-- WHAT YOU HAVE TO DO --
Write the data out again exactly, dropping any images it holds.

-- MATERIAL PROVIDED --

════════════════

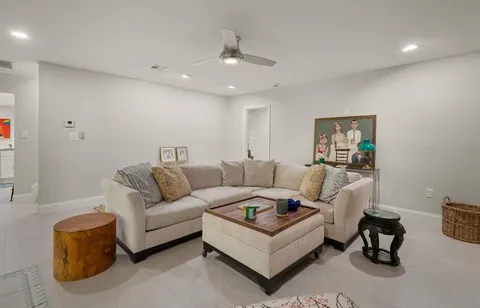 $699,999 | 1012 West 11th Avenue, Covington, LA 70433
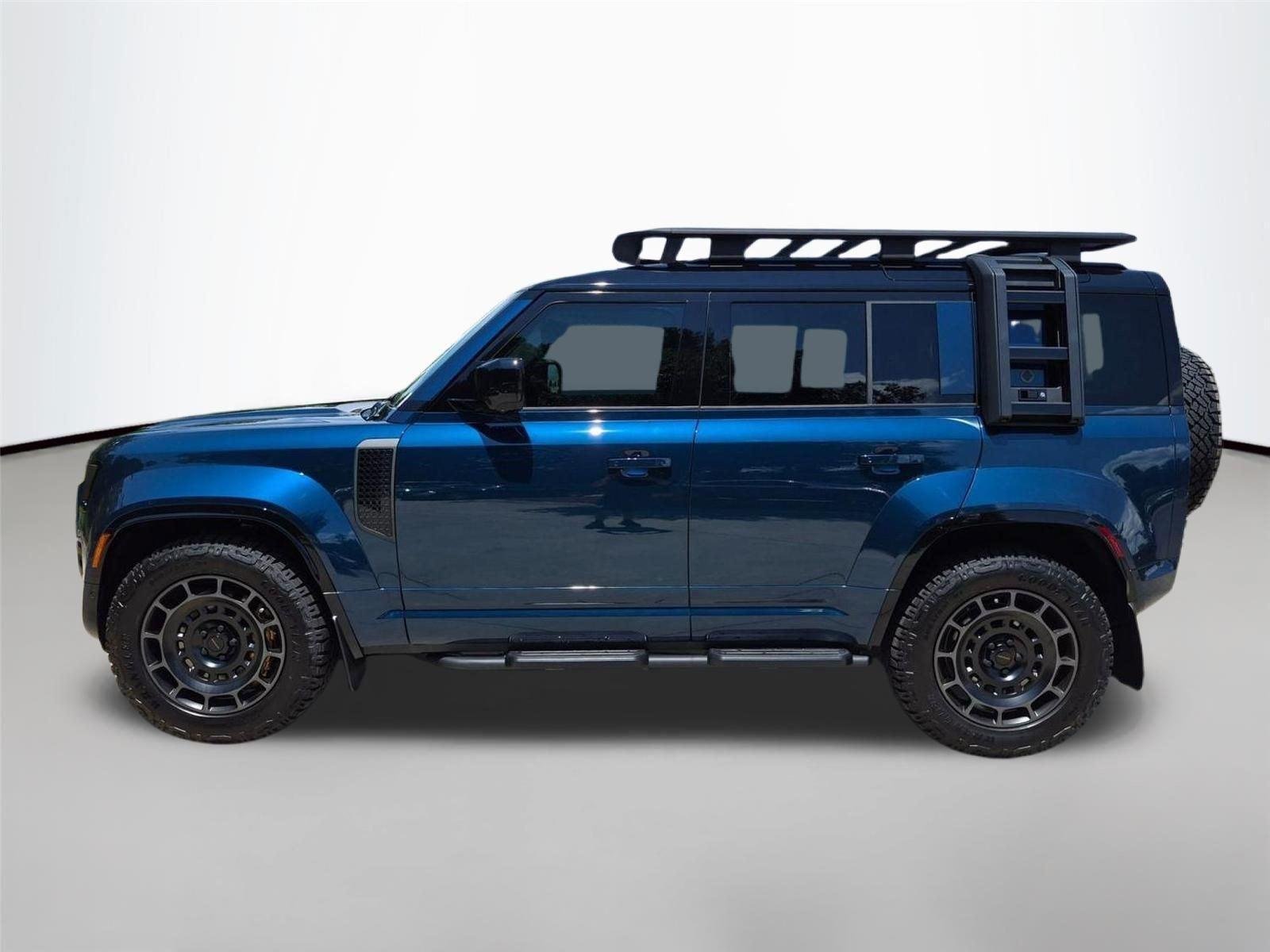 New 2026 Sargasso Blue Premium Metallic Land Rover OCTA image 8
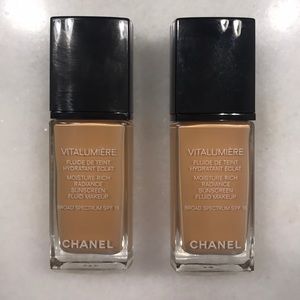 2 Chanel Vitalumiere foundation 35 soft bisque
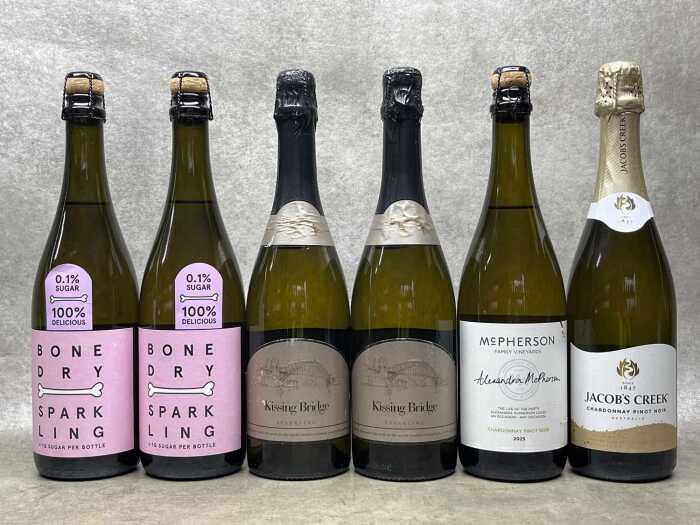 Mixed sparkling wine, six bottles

════════════════

-- RESPONSE AREA --
 $699,999 | 1012 West 11th Avenue, Covington, LA 70433
 New 2026 Sargasso Blue Premium Metallic Land Rover OCTA image 8
 2 Chanel Vitalumiere foundation 35 soft bisque
 Mixed sparkling wine, six bottles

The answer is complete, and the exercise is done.